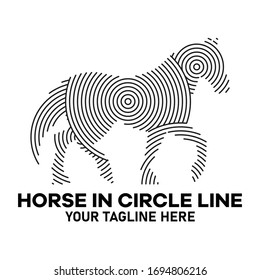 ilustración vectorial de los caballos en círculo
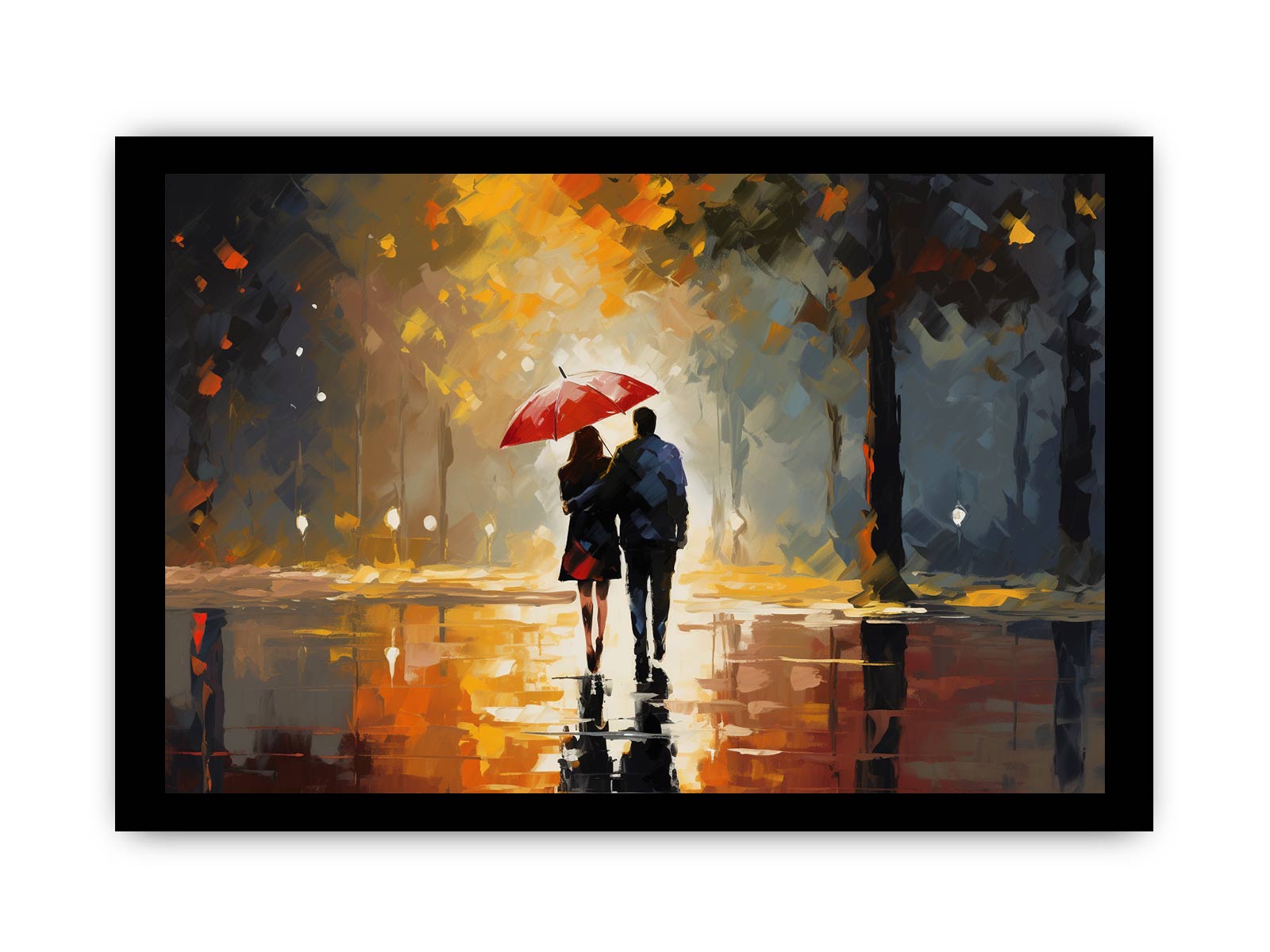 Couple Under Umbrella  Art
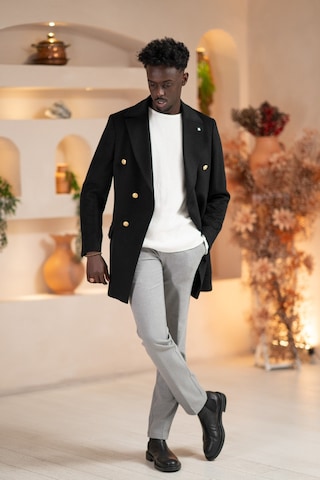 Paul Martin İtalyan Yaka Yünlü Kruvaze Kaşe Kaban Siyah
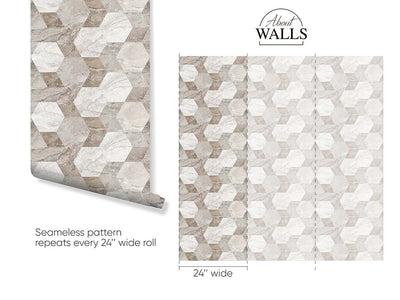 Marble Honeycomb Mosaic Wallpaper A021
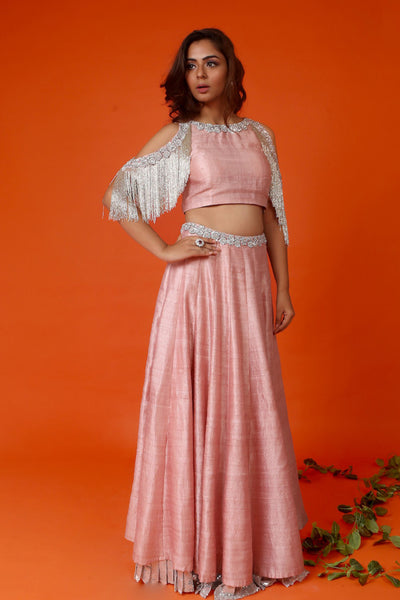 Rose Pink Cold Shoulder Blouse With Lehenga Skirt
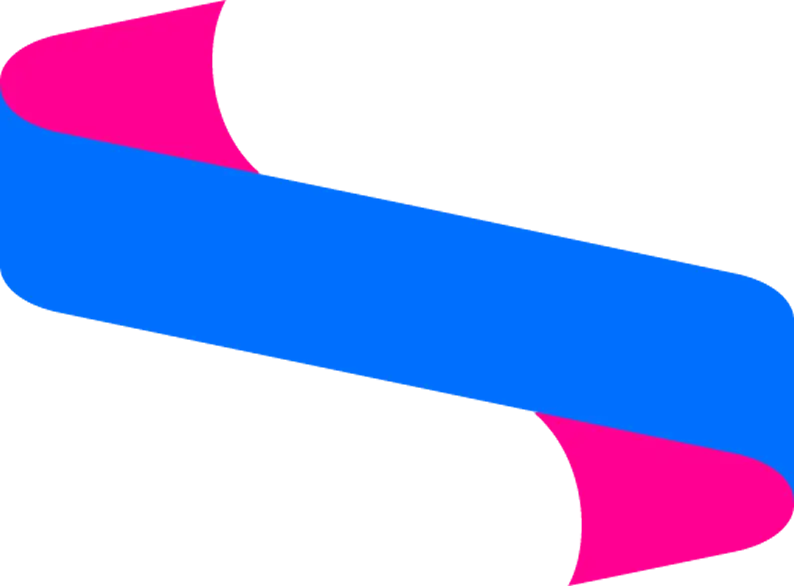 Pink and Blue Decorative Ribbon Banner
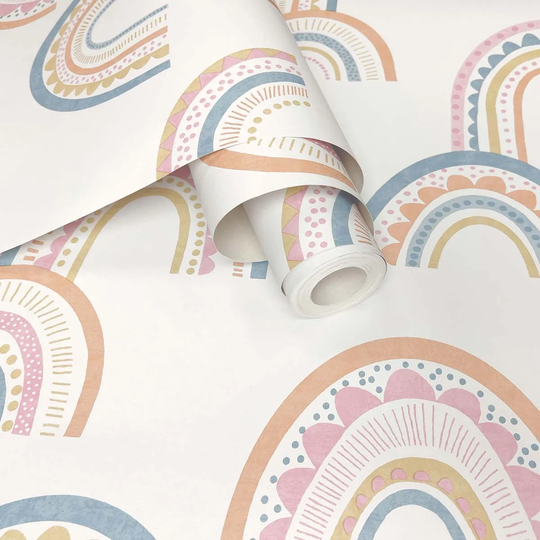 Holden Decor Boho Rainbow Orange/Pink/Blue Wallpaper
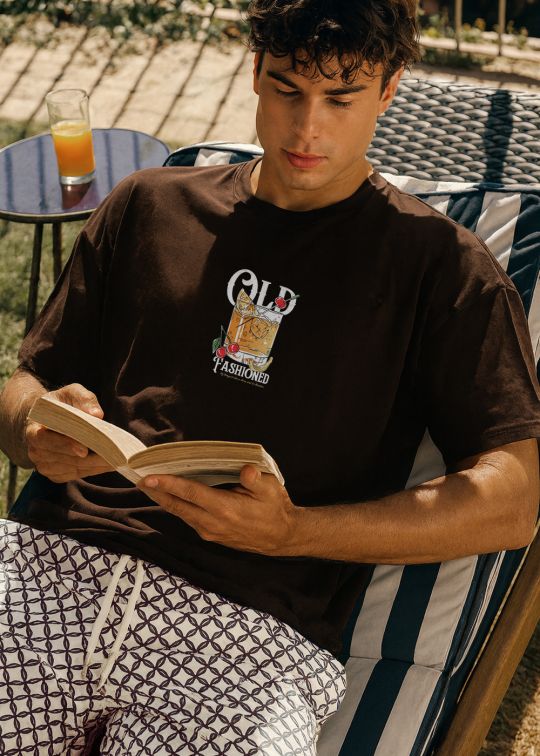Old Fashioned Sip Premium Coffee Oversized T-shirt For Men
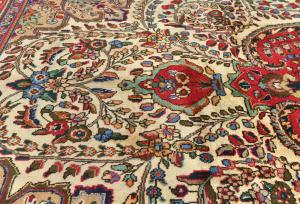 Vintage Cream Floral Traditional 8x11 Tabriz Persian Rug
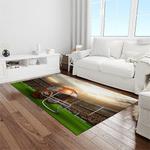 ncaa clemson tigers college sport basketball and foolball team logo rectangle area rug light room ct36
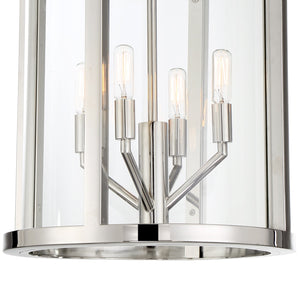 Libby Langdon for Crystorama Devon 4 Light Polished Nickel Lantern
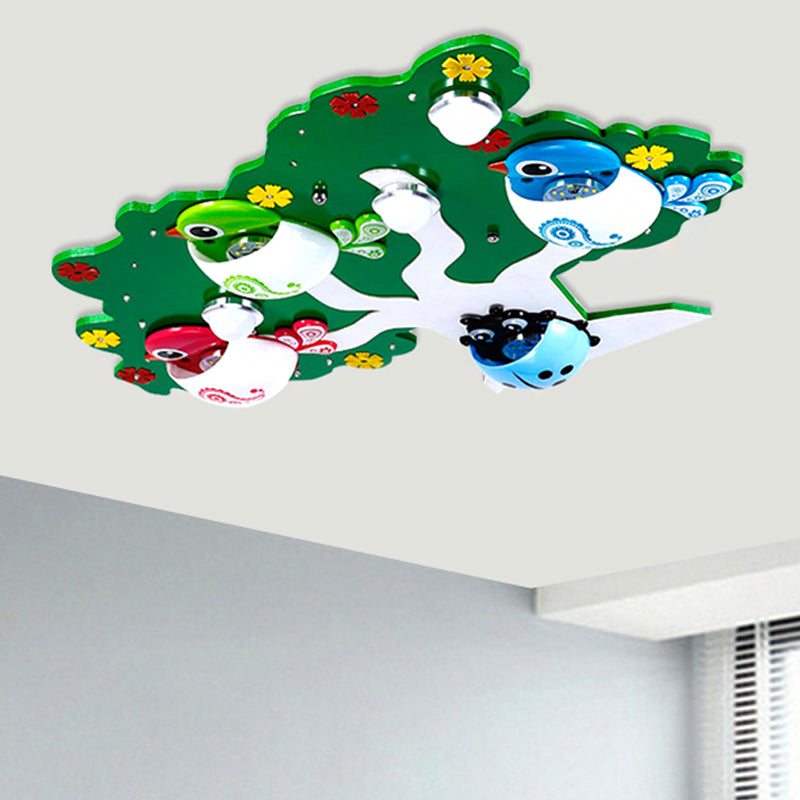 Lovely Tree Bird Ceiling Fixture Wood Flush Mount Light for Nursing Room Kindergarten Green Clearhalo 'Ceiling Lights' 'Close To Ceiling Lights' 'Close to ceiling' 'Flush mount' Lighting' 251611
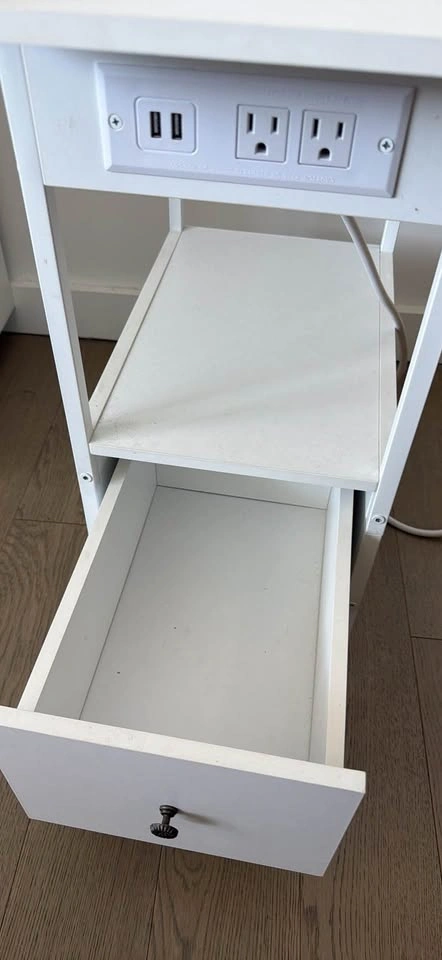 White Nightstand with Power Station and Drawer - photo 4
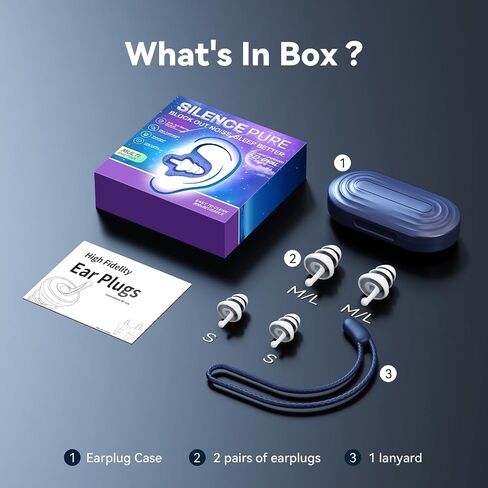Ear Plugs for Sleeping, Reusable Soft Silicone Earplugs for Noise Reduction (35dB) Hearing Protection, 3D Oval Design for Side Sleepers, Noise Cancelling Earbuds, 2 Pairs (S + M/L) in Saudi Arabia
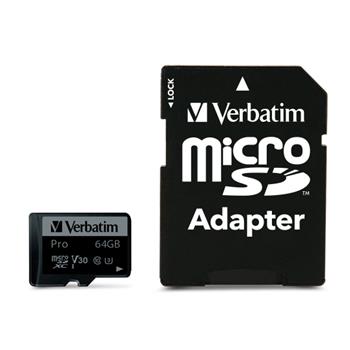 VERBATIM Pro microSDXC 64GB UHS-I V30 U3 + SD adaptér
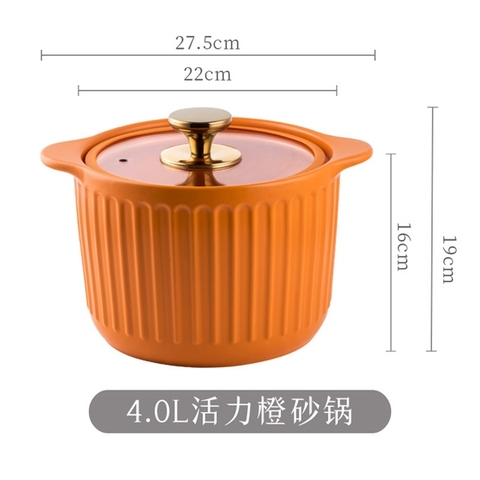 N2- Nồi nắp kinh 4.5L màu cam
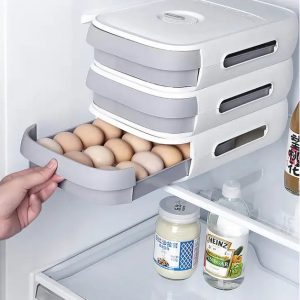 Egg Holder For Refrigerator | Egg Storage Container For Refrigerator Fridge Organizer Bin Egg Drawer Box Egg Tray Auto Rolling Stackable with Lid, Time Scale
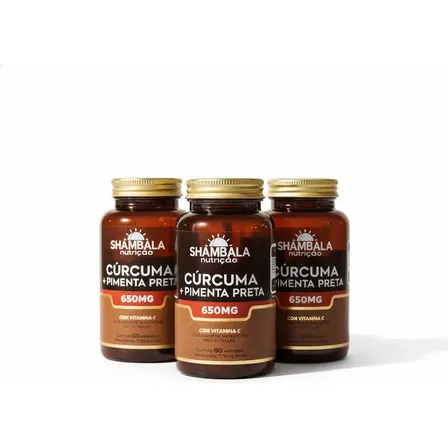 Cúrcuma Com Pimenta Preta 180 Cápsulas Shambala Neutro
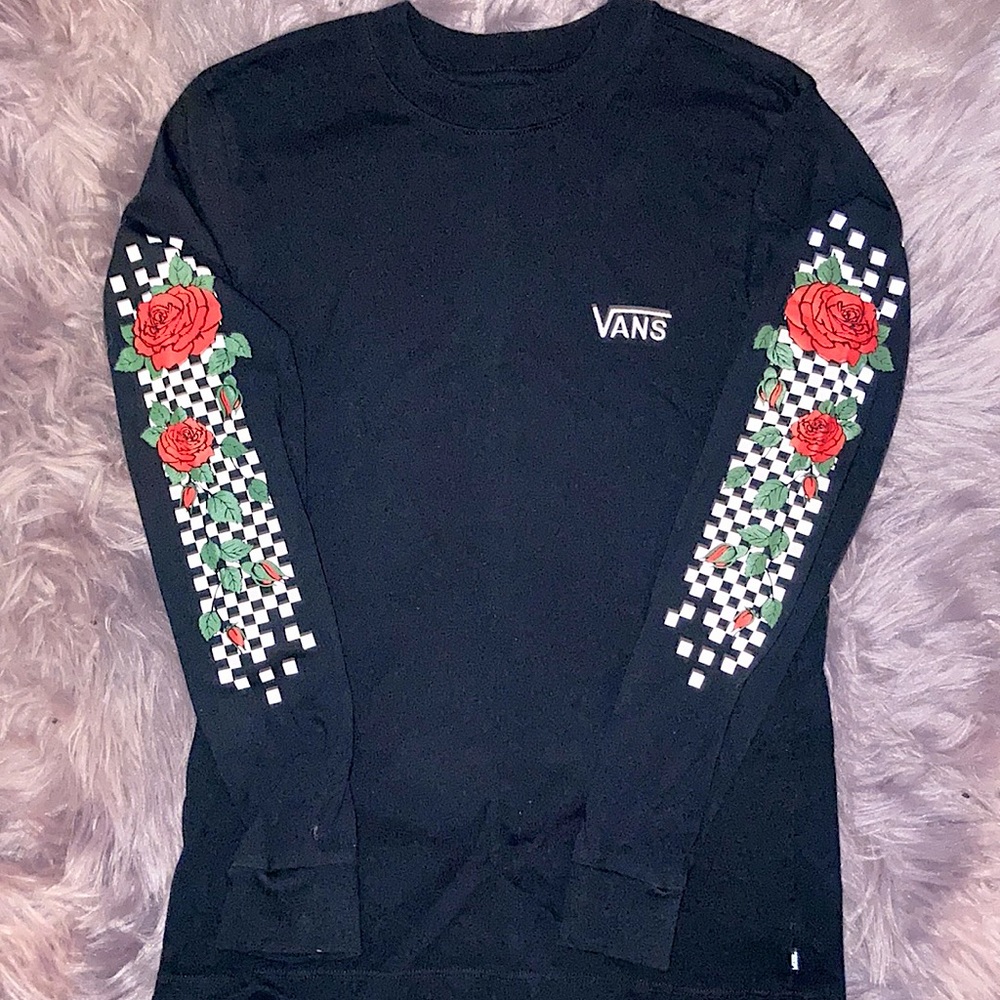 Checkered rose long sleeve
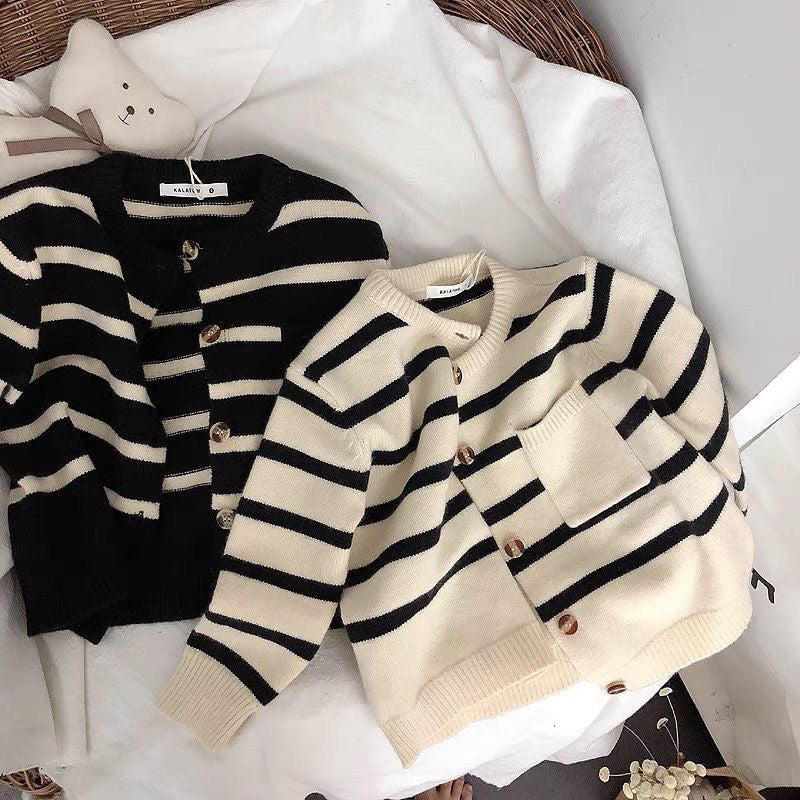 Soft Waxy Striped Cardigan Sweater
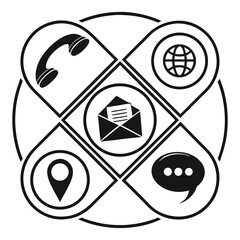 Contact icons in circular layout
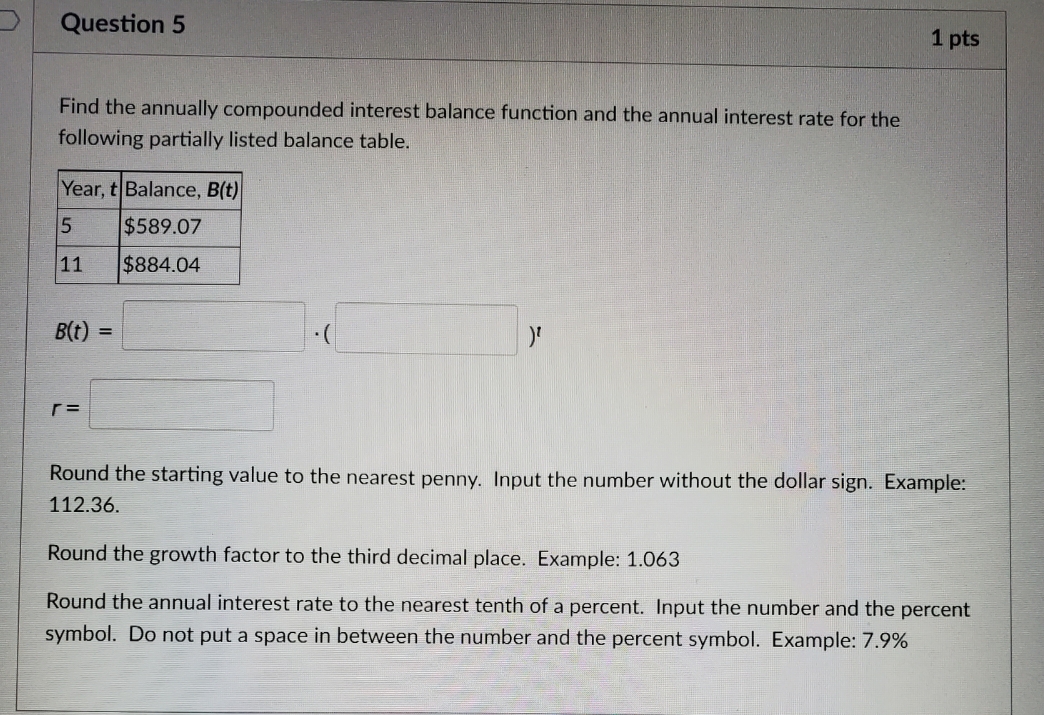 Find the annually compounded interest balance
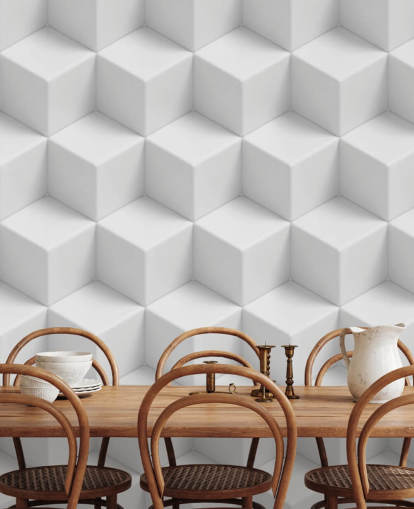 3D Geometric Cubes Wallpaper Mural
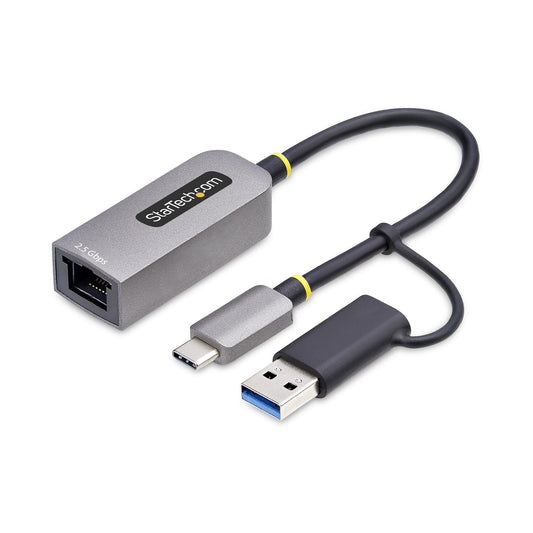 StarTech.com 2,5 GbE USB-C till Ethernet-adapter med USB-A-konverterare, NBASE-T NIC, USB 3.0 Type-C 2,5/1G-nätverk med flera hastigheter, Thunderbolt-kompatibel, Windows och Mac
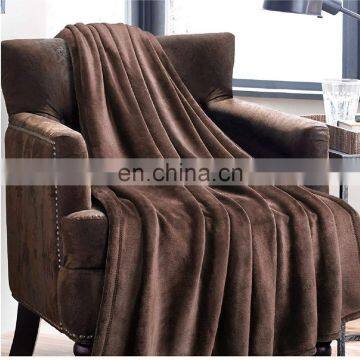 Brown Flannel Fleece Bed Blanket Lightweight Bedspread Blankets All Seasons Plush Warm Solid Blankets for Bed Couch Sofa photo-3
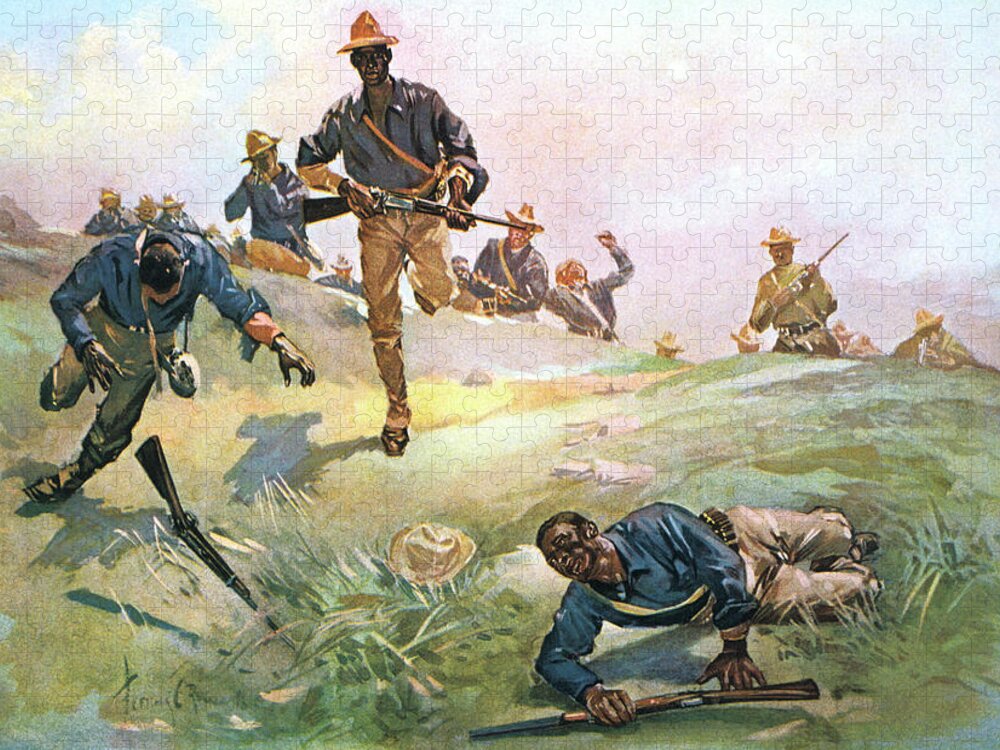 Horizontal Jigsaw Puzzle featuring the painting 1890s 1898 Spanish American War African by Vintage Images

■ Work instructions ■
In the records above, find the line with "Rose Pink Cold" and the line with "Brown Flannel Fleece", then restate word for word only those two lines and all lines between, omitting pictures.

■ Response area ■
 Rose Pink Cold Shoulder Blouse With Lehenga Skirt
 Pink and Blue Decorative Ribbon Banner
 Holden Decor Boho Rainbow Orange/Pink/Blue Wallpaper
Old Fashioned Sip Premium Coffee Oversized T-shirt For Men
 Vintage Cream Floral Traditional 8x11 Tabriz Persian Rug
 ncaa clemson tigers college sport basketball and foolball team logo rectangle area rug light room ct36
 Libby Langdon for Crystorama Devon 4 Light Polished Nickel Lantern
 Lovely Tree Bird Ceiling Fixture Wood Flush Mount Light for Nursing Room Kindergarten Green Clearhalo 'Ceiling Lights' 'Close To Ceiling Lights' 'Close to ceiling' 'Flush mount' Lighting' 251611
 White Nightstand with Power Station and Drawer - photo 4
Ear Plugs for Sleeping, Reusable Soft Silicone Earplugs for Noise Reduction (35dB) Hearing Protection, 3D Oval Design for Side Sleepers, Noise Cancelling Earbuds, 2 Pairs (S + M/L) in Saudi Arabia
 VERBATIM Pro microSDXC 64GB UHS-I V30 U3 + SD adaptér
 N2- Nồi nắp kinh 4.5L màu cam
 Egg Holder For Refrigerator | Egg Storage Container For Refrigerator Fridge Organizer Bin Egg Drawer Box Egg Tray Auto Rolling Stackable with Lid, Time Scale
 Cúrcuma Com Pimenta Preta 180 Cápsulas Shambala Neutro
 Checkered rose long sleeve
 Soft Waxy Striped Cardigan Sweater
 Contact icons in circular layout
 Find the annually compounded interest balance
 3D Geometric Cubes Wallpaper Mural
 StarTech.com 2,5 GbE USB-C till Ethernet-adapter med USB-A-konverterare, NBASE-T NIC, USB 3.0 Type-C 2,5/1G-nätverk med flera hastigheter, Thunderbolt-kompatibel, Windows och Mac
 Brown Flannel Fleece Bed Blanket Lightweight Bedspread Blankets All Seasons Plush Warm Solid Blankets for Bed Couch Sofa photo-3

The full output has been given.